Accounting for this revival, Margaret MacMillan argues, ‘Left’ university history departments ‘would prefer not to teach about war at all unless it shows the folly and wickedness of the past’. Conversely, conservatives ‘decry the teaching of history which … concentrates … not enough on great victories’. Brexiter Nigel Farage endorsed Christopher Nolan’s film Dunkirk (2017) as symbolic of ‘Britain standing alone’, ignoring the French troops protecting the British escape, as well as the dozens of allied pilots flying British Spitfires and Hurricanes. The same applies in Australia; narratives emphasise the heroism of the Gallipoli Anzacs, and only a professional pedant would mention that Australians had the worst record among Allied troops for drunkenness, desertion, and syphilis; or that there were much larger British and French armies a few kilometres away.

Generals are always fighting the previous wars. This leads to pushback against new technologies, despite their obvious lethality. Knights on horseback resisted their inevitable obsolescence arising from the vulnerability to, first, longbow men, then gunfire. Italian forces relied explicitly on machine guns during World War I, a weapon their allies thought not quite cricket. French military manuals stressed courage and will power; yet, how could these qualities combat poison gas? US commander John J. Pershing believed the superior riflemanship of American Doughboys on the Western Front in 1918 would overcome the Germans’ defensive trench warfare, despite his French and British allies’ experience to the contrary. The kaiser’s forces responded, ‘regretfully’, as one soldier wrote, by machine-gunning 7,000 Americans each week until Pershing, suffering 120,000 casualties in short order, conceded reluctantly that his allies were right.

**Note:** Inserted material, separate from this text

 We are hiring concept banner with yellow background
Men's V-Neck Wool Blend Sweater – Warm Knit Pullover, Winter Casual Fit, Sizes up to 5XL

From the 1980s, the ‘revolution in military affairs’ signalled the ‘technologization’ of warfare. War had entered the digital age. Officers in Langley, Virginia, could play as important a role as commanders on the battlefield. In the assault on Baghdad in 2003, a geographical information system on a single laptop computer directed bomber crews to their targets with pinpoint accuracy. Drone strikes on Iranian generals and insurgents in Afghanistan are now embedded as military tools of trade. Autonomous robot soldiers are in prototype form. Since the US’s withdrawal from the Anti-Ballistic Missile Treaty in 2001, there are no legal barriers to the militarisation of space. Donald Trump’s much-ridiculed Space Force is merely another platform through which Washington plans to maintain ‘full spectrum dominance’ in military affairs.

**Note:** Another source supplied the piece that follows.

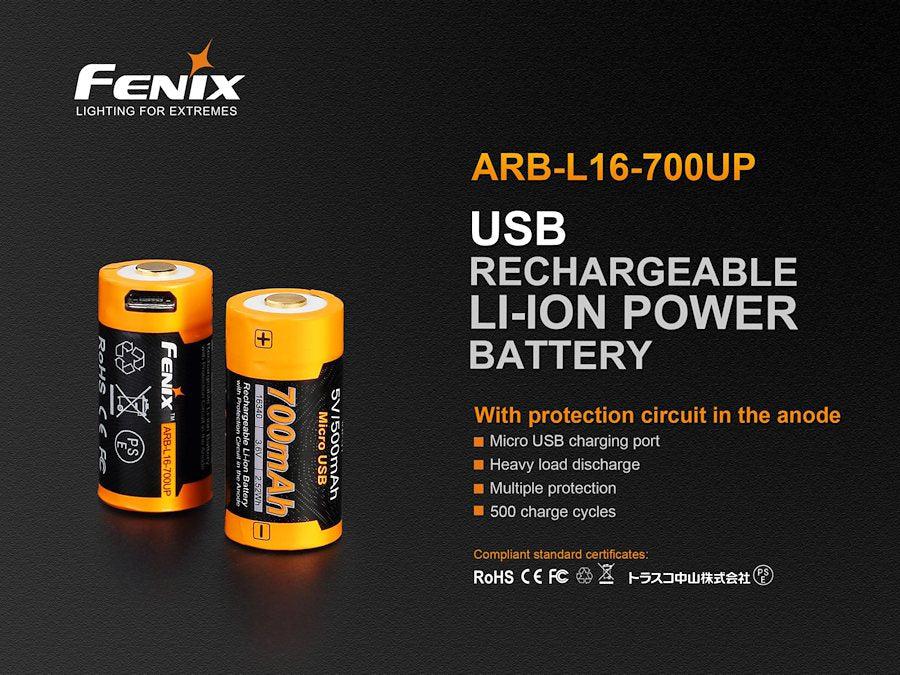 Fenix 16340 USB Rechargeable High Discharge 700 mAh Li-ion Protected Battery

MacMillan concludes that we must think about how to avoid war, even as technology overtakes it. But although war between the great powers has become obsolete (there have been no major power conflicts since 1945), killing fields from Syria to Yemen show that bloody civil wars did not disappear with the twentieth century. States still fight proxy wars in other countries, intent upon attaining through force what they cannot obtain lawfully, aided and abetted by politicians and desk generals. ‘War,’ as the Prussian military officer Carl von Clausewitz wrote, ‘is the continuation of politics by other means.’